Elizabeth L. “Duffy” Hutter died Sept. 15 at Acorn Glen Assisted Living, Princeton.
Born in 1923 near Kingston, Pa., she was raised on a farm.
After graduating from Wyoming Seminary and Bucknell Junior College, she moved to Washington. D.C. to become a cartographer and editor of intelligence reports for the Army Map Service during World War II. She spent time outside of Washington pursuing spelunking, and was the first person to explore “Duffy’s Cavern.”
In 1949 she moved to Princeton to work for Julian Boyd at Princeton University as an associate editor of the Papers of Thomas Jefferson. In the 1960s, she and her husband Edwin “Peter” Hutter, a physicist at RCA, became involved in environmental, transportation, and other civic causes including becoming founders of the Friends of Princeton Environment (now Friends of Princeton Open Space), and serving on municipal and county task forces and committees.
In 1975 Mrs. Hutter was elected to Princeton Township Committee and became deputy mayor in 1977. She was a member of the Regional Planning Board of Princeton and served as vice chairman from 1981-1983. The township named a new link road, “Duffy Place,” in her honor in November 2007. She also helped to launch the D&R Greenway Land Trust.

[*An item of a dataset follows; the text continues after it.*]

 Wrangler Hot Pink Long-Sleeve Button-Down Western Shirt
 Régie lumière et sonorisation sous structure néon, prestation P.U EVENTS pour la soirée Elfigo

Predeceased by her parents John Hancock and Maria Pennypacker Lance, her husband, sisters Ruth O’Neill, Ramsay Raymond of Princeton, and Patricia Appelmans, she is survived by a daughter Fairfax Hutter; sons John of Hopewell Township and Peter Hutter; daughters-in-law Suzanne Hutter and Ingrid Schultze; and granddaughters Louise, Grace and Margot.
A memorial service will be held at Trinity Church, 33 Mercer St., Princeton, on Oct. 11 at 11 a.m.
In lieu of flowers, donations may be made to the Friends of Princeton Open Space or the North Branch Land Trust, Carverton Road, Trucksville, Pa., 18708.